„Dwadzieścia milionów złotych musi zapłacić Słupsk wyrzuconemu z budowy aquaparku wykonawcy” – poinformował portal internetowy Radia Gdańsk. Urzędnicy, pytani przez dziennikarzy jak cała sytuacja wpłynie na budżet miasta rozkładają ręce i przyznają, że takich pieniędzy Słupsk nie posiada.
Wyrok, nakazujący miastu Słupsk wypłatę odszkodowania w wysokości dwudziestu milionów złotych, wydał Sąd Arbitrażowy przy Krajowej Izbie Gospodarczej w Warszawie. Jak informuje Radio Gdańsk „roszczenia dotyczyły dodatkowych prac, które wykonała na budowie aquaparku firma Termochem”. Spółka ta zajmowała się budową parku wodnego przez dwa lata, jednak na początku 2013 roku jej pracownicy zostali usunięci z terenu budowy, zaś umowa została zerwana.
Czytaj także: Czarnobyl nie był pierwszy. 30 lat wcześniej doszło do katastrofy kysztymskiej
Władze miasta zażądały od przedstawicieli spółki zapłaty w wysokości 24 milionów złotych, wynikającej z kar umownych, niezrealizowania umowy oraz strat, które poniósł Słupsk. Identyczny wniosek złożyli jednak przedstawiciele Termochemu.
Sprawa, która przed Sądem Arbitrażowym trwała ponad rok, ostatecznie się zakończyła. Sąd nakazał spółce Termochem wypłacić miastu kwotę w wysokości miliona dwustu tysięcy złotych, z kolei Słupsk zmuszony będzie pokryć roszczenia firmy, które sąd oszacował na dwadzieścia jeden milionów złotych. W praktyce, władze miasta, a więc również prezydent – Robert Biedroń, mają duży ból głowy, ponieważ na konto Termochemu muszą przelać około dwudziestu milionów złotych wraz z odsetkami.

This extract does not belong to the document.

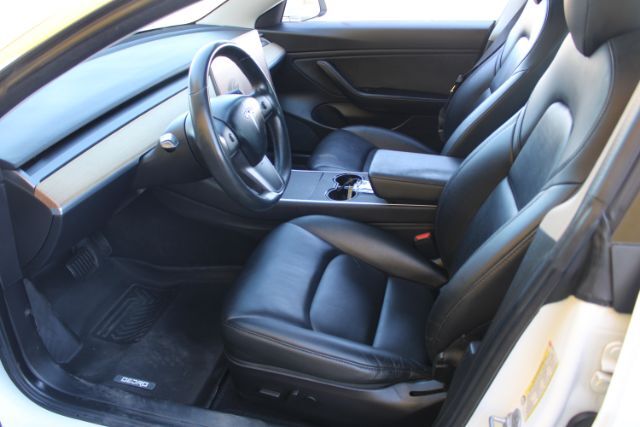 2019 Tesla Model 3 Long Range Performance photo 4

„Na piątek prezydent Robert Biedroń zwołał sztab kryzysowy. Ma ustalić strategię działania. Wiceprezydent Słupska Krystyna Danilecka-Wojewódzka powiedział w rozmowie telefonicznej z reporterem Radia Gdańsk, że jest załamana, bo to możne oznaczać finansową katastrofę dla miasta” – czytamy na stronie internetowej Radia Gdańsk.